Die Welt von Patrice Aminati und ihrem Ehemann, dem bekannten Moderator Daniel Aminati, wurde vor geraumer Zeit durch eine erschütternde Nachricht völlig aus der Bahn geworfen. Die Diagnose Hautkrebs traf die junge Mutter wie ein Blitzschlag und verwandelte den Alltag der kleinen Familie in eine endlose Achterbahnfahrt zwischen Hoffen und Bangen. Doch wer glaubt, dass Patrice unter der Last dieser dunklen Wolken zusammenbricht, der irrt sich gewaltig. In einem zutiefst bewegenden Moment der Offenheit gewährt sie nun Einblicke in ihre Seelenwelt, die vor Mut und Lebenswillen nur so strotzen. Trotz der kräftezehrenden Behandlungen und der Ungewissheit, die jede Untersuchung mit sich bringt, verliert sie ihr Ziel niemals aus den Augen.

Es ist diese bewundernswerte Stärke, mit der sie den bösartigen Schatten in ihrem Körper entgegentritt. Patrice Aminati spricht nicht wie eine Gefallene, sondern wie eine Kämpferin, die fest entschlossen ist, das Schicksal in die Schranken zu weisen. Inmitten der Therapiezyklen und der Schmerzen findet sie Worte, die unter die Haut gehen. Sie betont mit einer fast schon prophetischen Sicherheit, dass sie fest daran glaubt, uralt zu werden. Diese Vision von einem langen, erfüllten Leben an der Seite ihrer Liebsten ist der Motor, der sie jeden Morgen aufstehen lässt. Es geht nicht nur um das Überleben, sondern um das bewusste Erleben jeder einzelnen Sekunde, die ihr geschenkt wird.

Die Liebe zu ihrer Tochter Charly Malika und zu Daniel ist dabei ihr wichtigster Anker. Man kann förmlich spüren, wie die emotionale Bindung innerhalb der Familie durch die Krise noch tiefer und fester geworden ist. Wenn Patrice über die Zukunft spricht, dann sieht sie sich nicht als Kranke, sondern als eine Frau, die noch Jahrzehnte vor sich hat. Sie malt sich aus, wie sie ihre Tochter aufwachsen sieht, wie sie gemeinsam mit Daniel alt wird und wie die Falten in ihrem Gesicht eines Tages von einem langen, bewegten Leben erzählen werden. Es ist ein heiliger Schwur, den sie sich selbst geleistet hat: Der Krebs darf zwar ihren Körper herausfordern, aber niemals ihren Geist oder ihre Träume von der Zukunft besiegen.
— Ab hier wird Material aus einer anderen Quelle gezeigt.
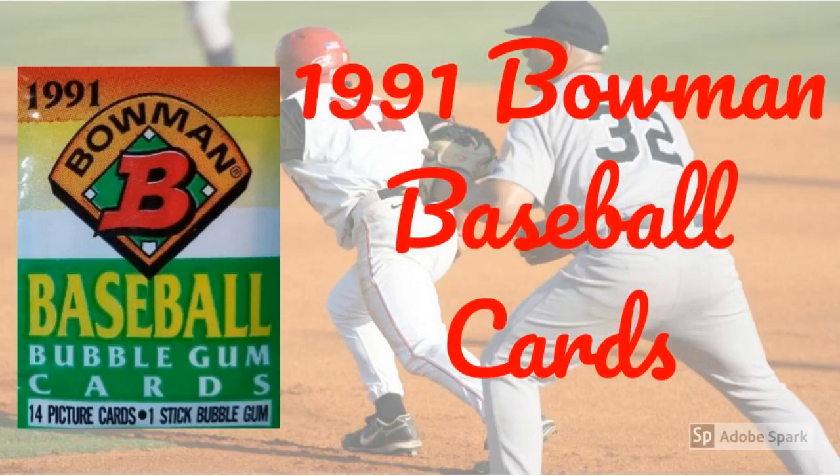Topps spent a couple of years honing in on how they wanted to position their new brand before nailing it with 1991 Bowman baseball cards. Bowman was going to be the place to come for rookie cards. But Topps took slack in some corners for pushing the boundaries of rookie by including draft picks and other guys who had never seen the inside of a major league roster, and some who never would. And like everything else in the era, the set was and is too abundant on the market. Doesn't mean they're worthless, though, as you'll see on this list of the most valuable 1991 Bowman baseball cards based on recent eBay sales for PSA 10 copies. Batter up!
Die Reaktionen aus ihrem engsten Umfeld und von ihren zahlreichen Bewunderern zeigen, wie sehr ihre Geschichte die Menschen berührt. Überall weht ihr eine Welle der Solidarität entgegen, doch die größte Kraftquelle bleibt ihre eigene, unerschütterliche Psyche. Patrice Aminati macht deutlich, dass Heilung auch im Kopf beginnt. Während die Medizin ihren Dienst tut, leistet sie die seelische Schwerstarbeit. Sie verweigert es, sich in die Opferrolle drängen zu lassen. Stattdessen wählt sie das Licht und die feste Überzeugung, dass dieses Kapitel ihrer Lebensgeschichte zwar schmerzhaft ist, aber keinesfalls das letzte sein wird. Ihr Blick ist fest nach vorne gerichtet, auf ein Alter, das sie sich mit jedem Tag des Kampfes hart erarbeitet.